Insider Moves and Valuation Appeal

Despite macro headwinds, insider transactions at Amazon remain sparse but notable, with long-time executives increasing holdings quietly over the last quarter. 

Their confidence contrasts with the stock’s “D−” valuation grade from Seeking Alpha’s Quant system—an unusual discount for a Mag 7 mega-cap. At 33 times trailing earnings and a PEG ratio of 0.37, AMZN trades at its cheapest multiples since 2012, even as its five-year average P/E sits near 60 times.

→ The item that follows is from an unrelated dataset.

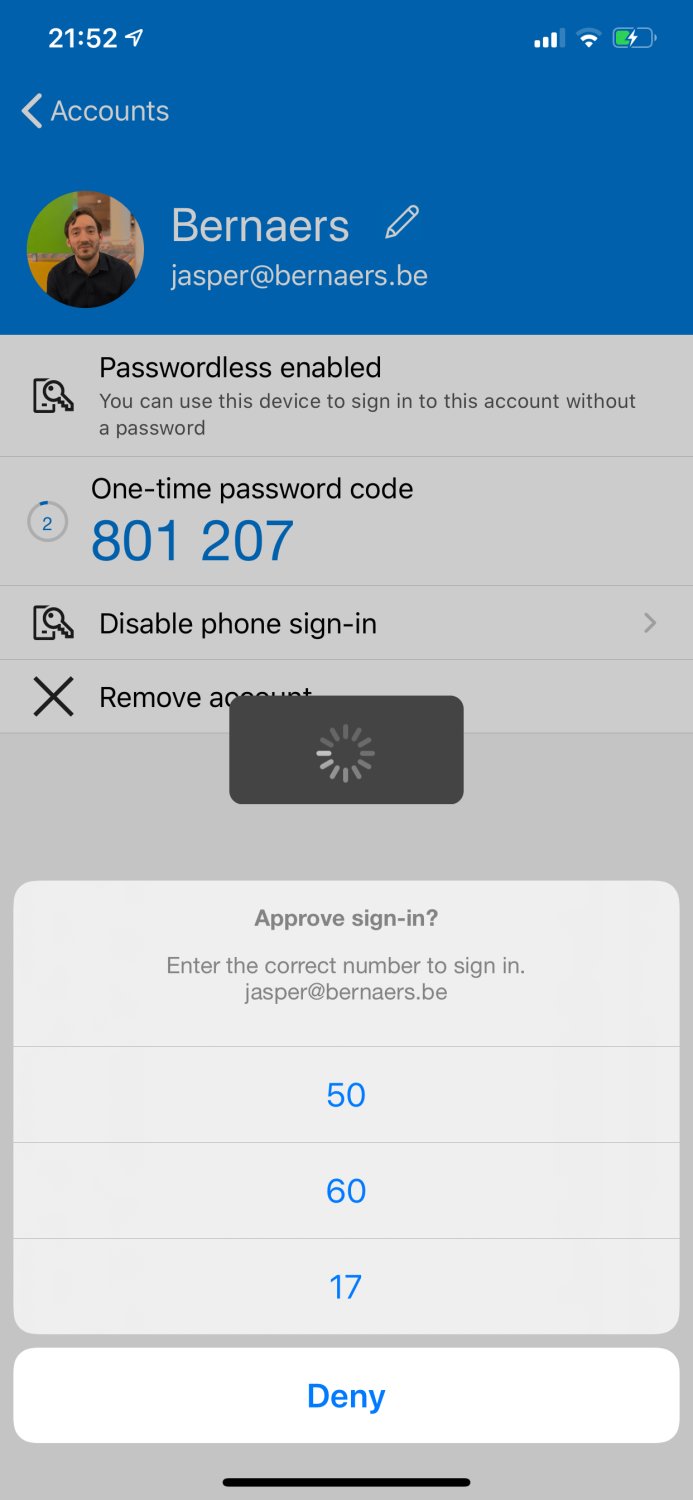 Microsoft Authenticator MFA experience — Approve sign in with number matching, Passwordless enabled, One-time password code on mobile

Technical Backdrop and Seasonality Edge

From a chart perspective, AMZN’s pullback found support at $180, the 50-day moving average, just as seasonality tilts positive into summer. Historically, April through July has marked a favorable stretch for Amazon, with share gains averaging 12 percent over the last decade. Should AMZN clear $195 on strong Q1 results, the path toward $220—and a retest of its all-time high—opens, while a break back below $180 would risk a deeper test of $165.

Balancing the Bull and the Bear

Amazon sits at a unique intersection of defensive and cyclical exposures: its retail arm is vulnerable to tariffs and softening consumer sentiment, yet its cloud, ads, and subscription platforms continue to generate robust free-cash-flow, even in tougher markets. As Morgan Stanley urges investors to “stick with quality” amidst volatility, AMZN’s diversified engine and discounted multiples make it one of the highest-conviction names for the months ahead. The key question is whether AWS’s growth and cost discipline can fully compensate for any slowdown in e-commerce, and if investors will pivot back to Amazon’s secular winners once the tariff dust settles.

With Q1 earnings just days away, the next chapter in Amazon’s story will hinge on the balance between these opposing forces—and whether the market rewards a battered but durable franchise with a fresh leg up.